DomainKey-Signature: a=rsa-sha1; c=nofws;
        d=gmail.com; s=beta;
        h=received:message-id:date:from:user-agent:mime-version:to:cc:subject:references:in-reply-to:x-enigmail-version:content-type:content-transfer-encoding;
        b=rndIKgsg2nrDYDmMBp9J/CiX/6VolhzItml/euJaVZLL6iG0qimcBuOkiMamKGQgwnpKmK/mEY5fK7V0AfAE3e7C6K0Y/VcoC1LI6GR32OnCJeWpwv/kwzYSpEhOm2+vV/te0DFL/LgpVXqcy4IHtvckfB5GIdJbJq0/E4oCEE8=
Message-ID: <465080BE.3000201@gmail.com>
Date: Sun, 20 May 2007 19:09:18 +0200
From: Tejun Heo <htejun@gmail.com>
User-Agent: Thunderbird 2.0.0.0 (X11/20070326)
MIME-Version: 1.0
To: Indan Zupancic <indan@nul.nu>
CC: Paul Mundt <lethal@linux-sh.org>, jeff@garzik.org,
       linux-ide@vger.kernel.org, linux-kernel@vger.kernel.org,
       garyhade@us.ibm.com
Subject: Re: [PATCH] libata: implement ata_wait_after_reset()
References: <20070510072005.GA27316@linux-sh.org>    <464301D3.5060306@gmail.com> <464307CC.40701@gmail.com>    <20070510124645.GA18534@linux-sh.org> <4643196B.7070806@gmail.com>    <20070511005217.GA23186@li <464B3505.20004@gmail.com>    <1800.81.207.0.53.1179590050.squirrel@secure.samage.net>    <464F409D.9030408@gmail.com>    <2318.81.207.0.53.1179615289.squirrel@secure.samage.net>    <465019E6.2000302@gmail.com> <1678.81.207.0.53.1179667594.squirrel@secure.samage.net>
In-Reply-To: <1678.81.207.0.53.1179667594.squirrel@secure.samage.net>
Content-Type: text/plain; charset=UTF-8
Content-Transfer-Encoding: 7bit
Sender: linux-kernel-owner@vger.kernel.org
Content-Length: 8070
Lines: 153

Indan Zupancic wrote:
>> The change was made primarily to make libata spin down disks properly on
>> power down and hibernate.  I don't like the added delay either but it's
>> better than shortening the lifespan of harddisks.
> 
> Ah, it fixes that "weird noise on shutdown" problem? Fair enough.

Yeap, finally.

>>  Making resuming
>> asynchronous is planned but we need more infrastructure to do that
>> properly.  The previous implementation worked but it also might try to
>> spin up a lot of disks at once which can't be good for PSU.  I'm not
>> sure yet how to do that properly with sd driving suspend/resume.
> 
> Don't controllers support spread spin up of disks, to avoid the peak load?
> I think I saw something about that in the SiI 3512 spec I downloaded. So
> maybe something like a special spin up method which can be implemented
> by drivers, and if it isn't, the current start stop thing is used?

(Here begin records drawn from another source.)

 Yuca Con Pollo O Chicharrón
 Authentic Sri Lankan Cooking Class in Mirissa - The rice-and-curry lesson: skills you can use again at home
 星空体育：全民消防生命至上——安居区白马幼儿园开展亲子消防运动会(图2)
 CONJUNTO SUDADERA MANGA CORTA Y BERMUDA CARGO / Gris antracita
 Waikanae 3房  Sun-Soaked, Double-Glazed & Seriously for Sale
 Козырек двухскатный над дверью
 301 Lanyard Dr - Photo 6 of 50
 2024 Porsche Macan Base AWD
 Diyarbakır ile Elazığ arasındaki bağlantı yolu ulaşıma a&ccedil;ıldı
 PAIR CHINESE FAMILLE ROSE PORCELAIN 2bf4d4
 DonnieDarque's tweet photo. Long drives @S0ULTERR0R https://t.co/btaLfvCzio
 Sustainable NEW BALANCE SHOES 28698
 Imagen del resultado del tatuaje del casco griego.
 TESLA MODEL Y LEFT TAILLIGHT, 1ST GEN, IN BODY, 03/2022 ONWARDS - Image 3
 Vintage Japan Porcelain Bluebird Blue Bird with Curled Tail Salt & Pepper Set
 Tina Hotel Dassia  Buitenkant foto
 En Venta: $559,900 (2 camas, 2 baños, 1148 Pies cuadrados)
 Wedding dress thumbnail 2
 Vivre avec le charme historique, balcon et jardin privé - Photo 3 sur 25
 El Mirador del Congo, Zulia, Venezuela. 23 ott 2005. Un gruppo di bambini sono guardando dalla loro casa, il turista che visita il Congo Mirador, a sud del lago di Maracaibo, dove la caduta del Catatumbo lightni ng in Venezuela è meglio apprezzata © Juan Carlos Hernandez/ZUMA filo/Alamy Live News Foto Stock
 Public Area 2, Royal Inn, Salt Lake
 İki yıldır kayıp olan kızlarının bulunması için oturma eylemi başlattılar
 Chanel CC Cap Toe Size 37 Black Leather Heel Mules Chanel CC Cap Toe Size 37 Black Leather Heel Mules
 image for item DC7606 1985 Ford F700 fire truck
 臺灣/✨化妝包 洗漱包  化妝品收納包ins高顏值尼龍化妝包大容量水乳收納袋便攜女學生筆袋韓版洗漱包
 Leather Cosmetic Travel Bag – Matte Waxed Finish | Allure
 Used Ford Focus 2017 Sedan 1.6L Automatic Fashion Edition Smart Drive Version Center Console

What they support is allowing drivers to control spin up, and it needs
support from the HDD (many seem to do these days) && BIOS (so that it
doesn't spin up the disks during POST) too.  To do that properly, we
need a repository which distributes spinup tokens such that we can do
parallel, not thundering herd, spinups.

>>> Right. So to me it seems that failed, because the undefined reset time is just
>>> replaced with a fixed ad hoc sleep, which is longer than any undefined reset
>>> mechanism. So where did the advantage go? Better to go back to how it was,
>>> is my impression. Or make that deadline 10 seconds and after that give up,
>>> instead of the other way round. Or just move to async reset.
>> Well, yeah, your case degraded for sure but a lot of hotplug or error
>> handling cases are now much better which often used to take more than 30
>> secs in many cases.  There are just a lot of cases and a lot of weird
>> devices.  Aiming generally acceptable delay on most cases is of higher
>> priority than optimizing specific cases.
> 
> What I meant is that the deadline isn't effective because if it can't be done within
> that time, it's just retried after 10 seconds or whatever, basically rendering the
> deadline useless. But now I understand that the retry is done in the background,
> and that it was just the sd_resume that caused everything to wait on it.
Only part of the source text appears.